REQUIRED ACTION => Write out every entry, unchanged. Skip any picture.

MATERIAL FOR THIS EXERCISE =>
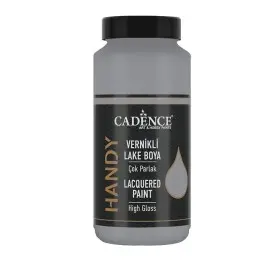 L056 Grau Cadence Hochglänzend Lackfarbe 450ML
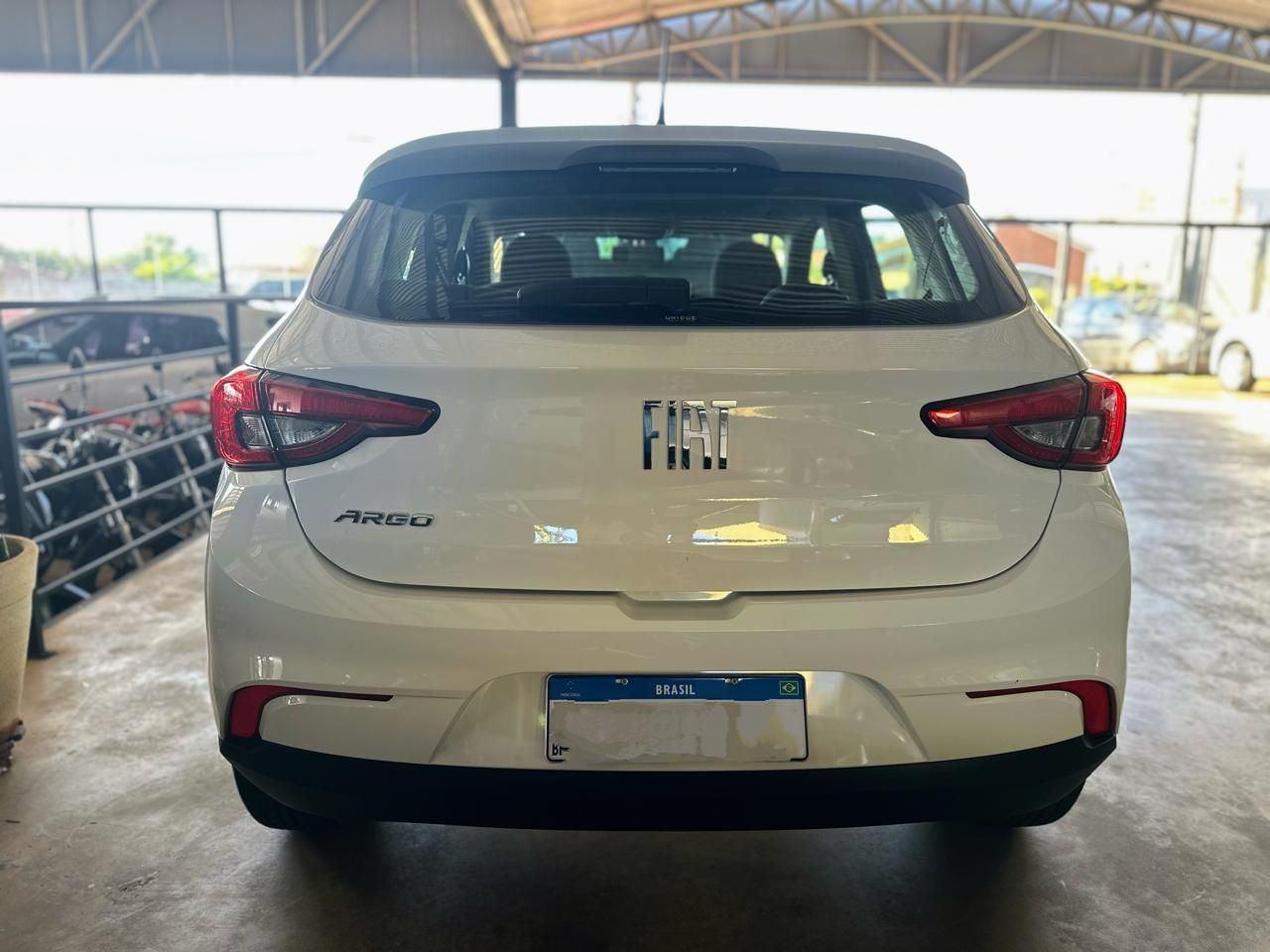 FIAT Argo - Foto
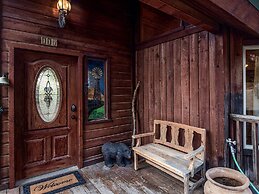Enchanted Oak Cabin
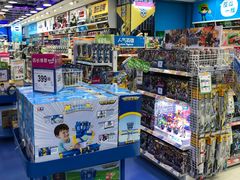 -TOYSRUS玩具反斗城(哈尔滨红博店)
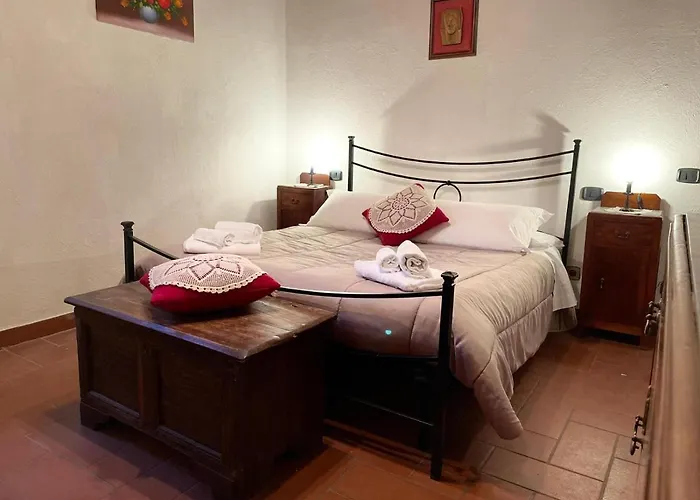 Agrihouse Orvieto * Morrano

SOLUTION FOR THIS EXERCISE =>
 L056 Grau Cadence Hochglänzend Lackfarbe 450ML
 FIAT Argo - Foto
Enchanted Oak Cabin
 -TOYSRUS玩具反斗城(哈尔滨红博店)
 Agrihouse Orvieto * Morrano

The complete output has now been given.